Although the Artsons recognized there was something alarming about Jacob’s behavior, they were still stunned by the doctor’s official diagnosis of autism. “I felt as though the entire universe had caved in. I confess that I experienced fantasies of his dying. I imagined being rid of him, of starting over,” Bradley relays. “For months, the pain was so great that I couldn’t speak about it to anybody. I couldn’t face the fear and pain of not knowing whether he’d ever come out of his shell. I didn’t know if I’d ever hear him speak to me.”

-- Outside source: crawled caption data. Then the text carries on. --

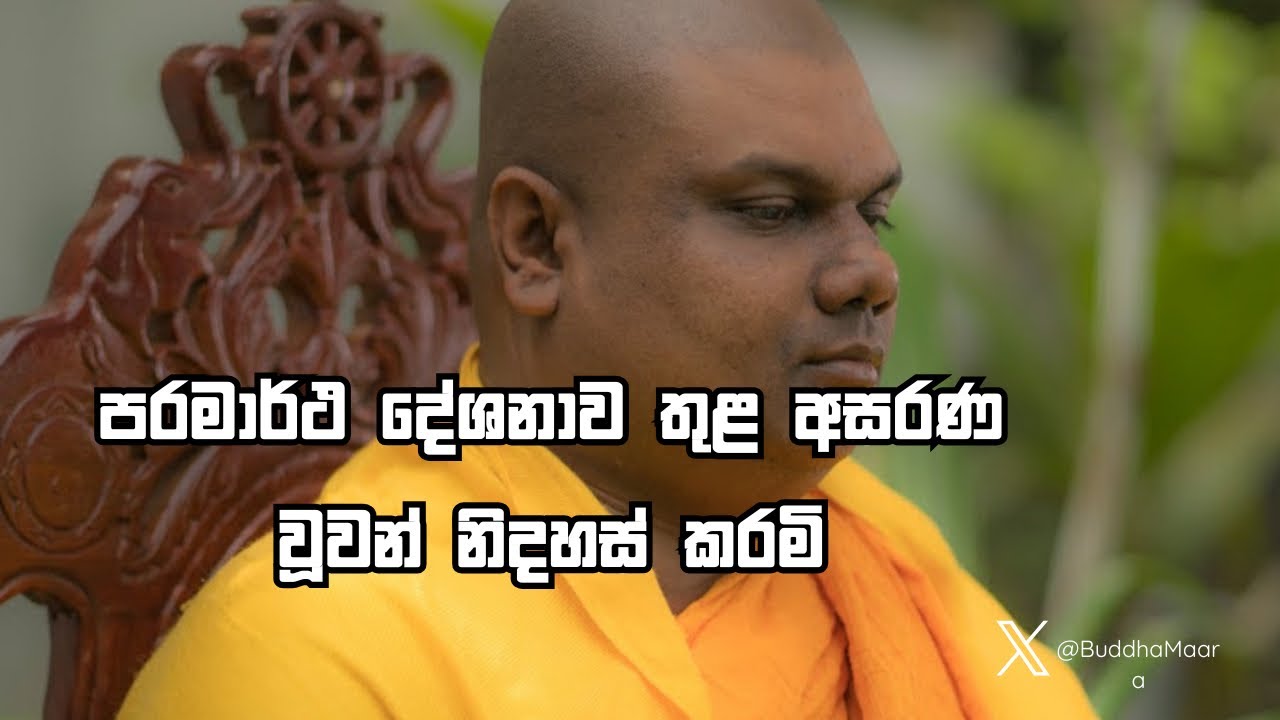 පරමාර්ථ දේශනාව තුළ අසරණ වූවන් නිදහස් කරමි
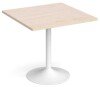 Dams Genoa Square Dining Table With Trumpet Base 800mm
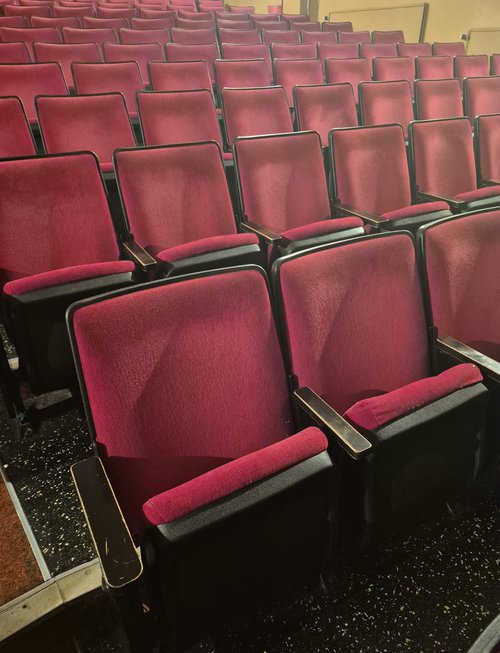 130x Vintage Cinema Seats For Sale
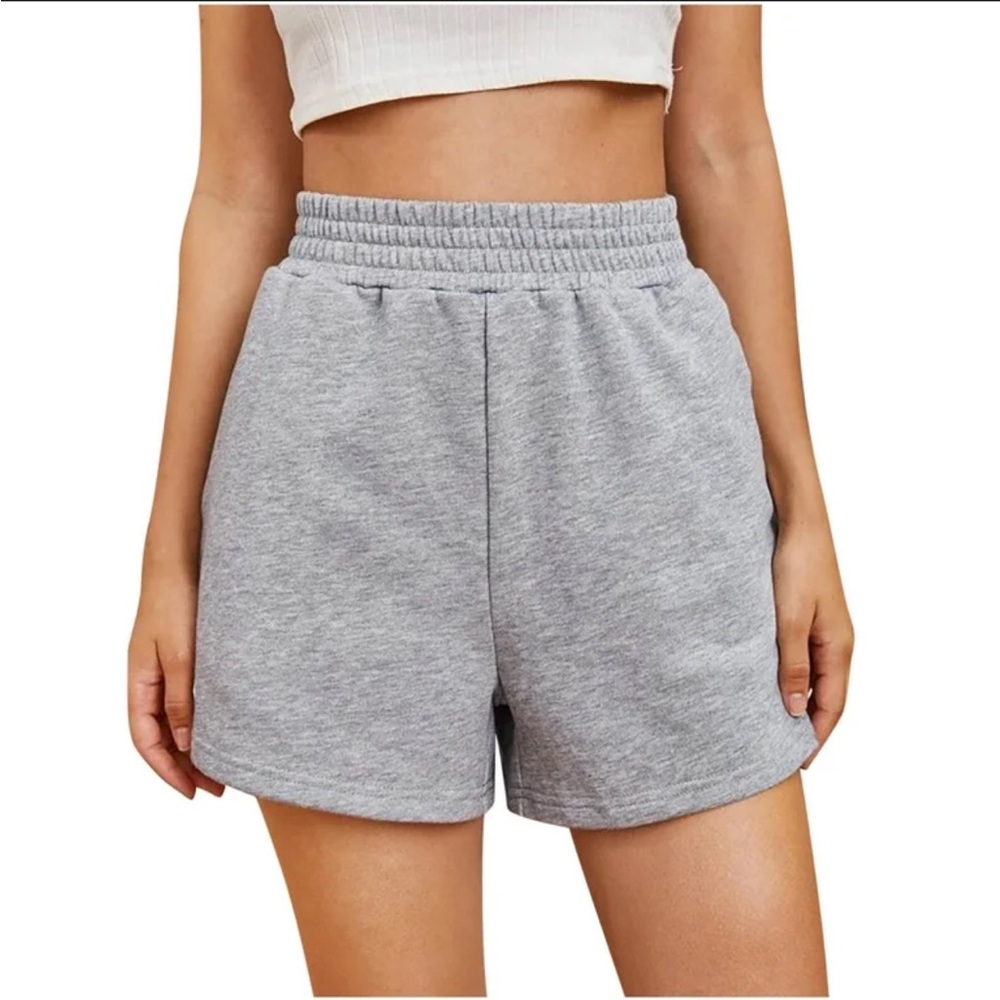 Women's Gray Sweat Shorts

After the initial shock, Bradley came to accept his son, and not only his son, but himself and everyone else. “Those daydreams about Jacob dying made me realize that the only possibility more terrifying than living with Jacob and his illness is the thought of living without him,” Bradley says. “Jacob’s diagnosis ultimately taught me that our worth is not what we do; it is that we are. What is precious is simply that being ourselves, we bring something precious into the world.”
Children with special needs don’t need special families; they make regular families special. But the inner journey toward greatness usually starts with major hurdles, as parents adjust to the reality that their child will never be on the “normal” track.
First Impressions
Yocheved had nine older children when her daughter with Down syndrome was born. “When Miri was born, I was more concerned with all the people she was going to affect than I was with her,” she admits. “ ‘How will this affect shidduchim for the other kids?’ I fretted. Then I began to get anxious about how I’d manage.”
Her rabbi rescued her from the pit of worry she was digging herself into. “He told us, ‘Don’t worry until you have to.’ I began to see that I can cross each bridge when I come to it. When the time comes, HaKadosh Baruch Hu helps — but not before.”